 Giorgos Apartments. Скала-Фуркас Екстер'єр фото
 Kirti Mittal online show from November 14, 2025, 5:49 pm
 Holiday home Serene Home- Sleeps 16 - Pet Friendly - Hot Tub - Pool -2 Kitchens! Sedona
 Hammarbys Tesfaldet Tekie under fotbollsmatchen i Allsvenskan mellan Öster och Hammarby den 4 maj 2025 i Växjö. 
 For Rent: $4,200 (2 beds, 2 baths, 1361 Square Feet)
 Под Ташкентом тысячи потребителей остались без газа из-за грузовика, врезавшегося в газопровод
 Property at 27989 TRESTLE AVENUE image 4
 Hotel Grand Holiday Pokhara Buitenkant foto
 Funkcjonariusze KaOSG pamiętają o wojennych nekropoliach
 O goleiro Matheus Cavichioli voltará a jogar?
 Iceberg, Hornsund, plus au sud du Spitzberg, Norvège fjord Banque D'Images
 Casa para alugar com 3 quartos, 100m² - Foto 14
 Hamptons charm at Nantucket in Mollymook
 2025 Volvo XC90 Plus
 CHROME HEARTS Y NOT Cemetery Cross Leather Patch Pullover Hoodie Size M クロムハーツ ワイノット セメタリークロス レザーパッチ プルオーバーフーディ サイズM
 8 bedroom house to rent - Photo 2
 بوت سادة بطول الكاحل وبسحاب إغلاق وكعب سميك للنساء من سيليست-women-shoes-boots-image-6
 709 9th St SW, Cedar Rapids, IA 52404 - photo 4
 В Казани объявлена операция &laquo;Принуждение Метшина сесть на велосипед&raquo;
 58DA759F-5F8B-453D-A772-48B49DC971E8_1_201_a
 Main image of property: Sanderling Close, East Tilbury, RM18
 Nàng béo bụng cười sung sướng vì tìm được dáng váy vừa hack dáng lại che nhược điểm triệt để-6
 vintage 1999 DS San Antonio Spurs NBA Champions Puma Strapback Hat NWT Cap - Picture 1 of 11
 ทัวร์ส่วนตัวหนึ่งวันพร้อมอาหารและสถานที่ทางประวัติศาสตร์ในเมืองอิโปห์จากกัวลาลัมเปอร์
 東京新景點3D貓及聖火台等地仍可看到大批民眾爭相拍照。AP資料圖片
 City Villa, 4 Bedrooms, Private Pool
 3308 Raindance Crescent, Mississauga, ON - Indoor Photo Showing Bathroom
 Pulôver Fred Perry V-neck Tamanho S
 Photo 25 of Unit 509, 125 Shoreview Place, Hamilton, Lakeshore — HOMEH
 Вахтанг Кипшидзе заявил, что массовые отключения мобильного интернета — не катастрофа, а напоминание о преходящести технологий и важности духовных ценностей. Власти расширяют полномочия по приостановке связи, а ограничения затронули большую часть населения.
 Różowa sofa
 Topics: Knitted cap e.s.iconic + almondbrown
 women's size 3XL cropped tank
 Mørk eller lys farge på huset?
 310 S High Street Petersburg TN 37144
================
— Aim of the task —
Look above for the line that holds "Topics: Knitted cap e.s.iconic + almondbrown", then copy it and each line after it exactly, through the last line of the data.

— Solution to the problem —
 Topics: Knitted cap e.s.iconic + almondbrown
 women's size 3XL cropped tank
 Mørk eller lys farge på huset?
 310 S High Street Petersburg TN 37144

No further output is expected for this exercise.